Despite Beyond being mostly a well-conveyed tale, it’s not without its issues. There are moments when the tone of a scene shifts jarringly into melodrama. Occasionally there’s a line of dialogue that sounds odd (like a quirky Frenchman writing an American character, one might say). Nonetheless, the performance from Ellen Page as Jodie is so strong it largely overrides these dramatic speedbumps. Jodie progresses from a curious child, to a rebellious teen, to a mature adult, but she never ceases to be a likeable character through all her changes. She’s sardonic, but not cynical. She’s strong, but she doesn’t deny her strength sometimes comes from others. Likewise, Willem Dafoe turns in a great rendition of Nathan Dawkins, Jodie’s scientist father figure who raises her and helps her harness her powers.
One of the most typical criticisms of Beyond is the perceived lack of interactivity. While it is true Beyond can be rather funnelled, your ability to interact with your environment is usually pretty high. Jodie can interact with practically anything you come across, and if Jodie, can’t, Aiden probably can. From playing with dolls as a child, to thrashing her electric guitar as a teenager, to drinking a glass of wine as an adult, a lot of times you’re doing things just for the sake of doing them. It’s these subtle touches that have always been present in Quantic Dream’s games that really heighten the sense of immersion in the game world.

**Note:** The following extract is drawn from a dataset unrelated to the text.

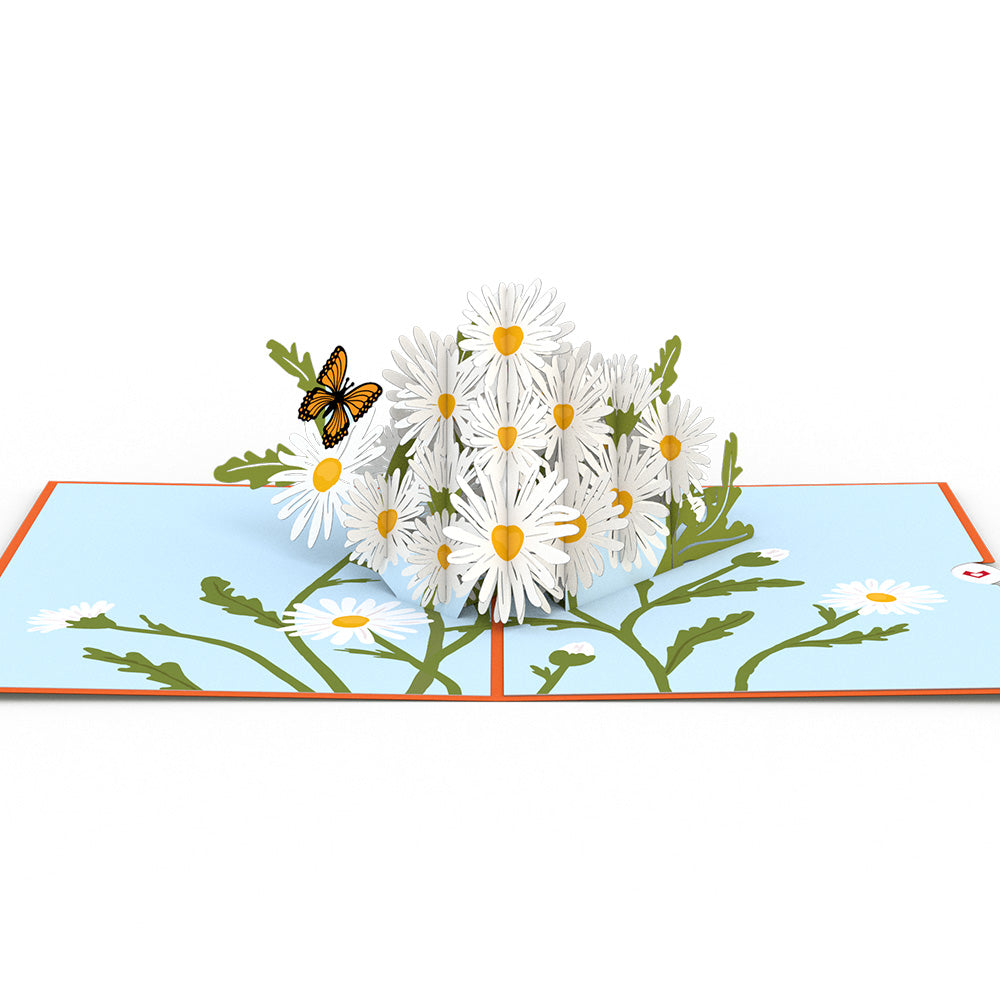 Daisies with Monarch Butterfly Pop-Up Card、mySite、solidvoid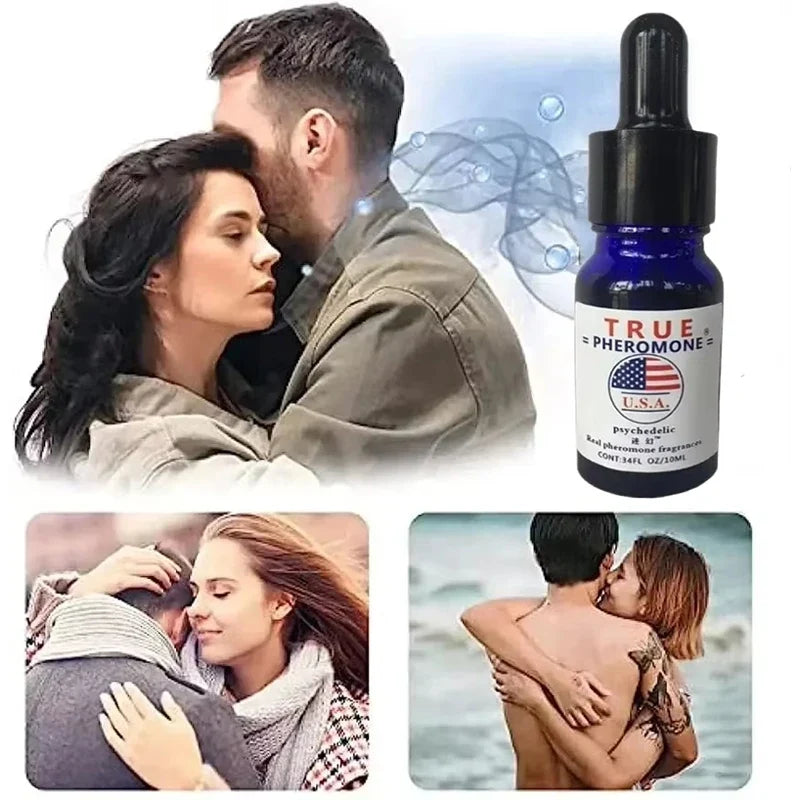 Young Couple Pheromone Essential Oil Love Spell Fragrance Irresistible Attraction Enhance Romance Emotional Connection Perfume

The choices you make tend to be of the more compelling sort; the decisions you make with your heart, not with your head. Does Jodie trust a stranger? Does she seek revenge when she’s wronged? Does she end an awkward moment of romantic tension by kissing one of the many hunky guys she encounters? Beyond is one of those particularly unique games where the focus is ultimately on investing the player emotionally, not on being a perfect refinement of one of the big genres.
Lead designer David Cage’s games often come under fire for not being very “game-like”, but I wonder why people still care about these definitions so much. Playing Beyond really gave me a sense of Jodie’s life, and dare I say; how it feels to be a woman. A real woman, not some scantily-clad sex-bomb with a body of a pornstar and the combat prowess of a superhero. At times it could make me feel vulnerable, manipulated and discriminated against in a way I don’t have to deal with in my everyday life. It also reminded me how it feels to have that desperate hope someone might accept you for really you are. And yes, I know how schmaltzy and uncynical that sounds. But you know what? Beyond is a big-budget game that asks you to accept it on its own terms and actually let it make you feel something. There’s something to be said for that.
Beyond: Two Souls is a sincere and heartfelt attempt to tell a brave and ambitious story, and one that lets you shape it along the way. Despite its uneven presentation and odd narrative hiccups, it provides an experience unlike any other. The only thing that holds it back is that it is sometimes tentative to embrace what makes it special. By the end of it though, when I’d lived an entire lifetime with Jodie, I’ll openly admit I had to blink a single manly tear out of the corner of my eye. Beyond is a game about life and death, and Jodie’s is a life well worth living.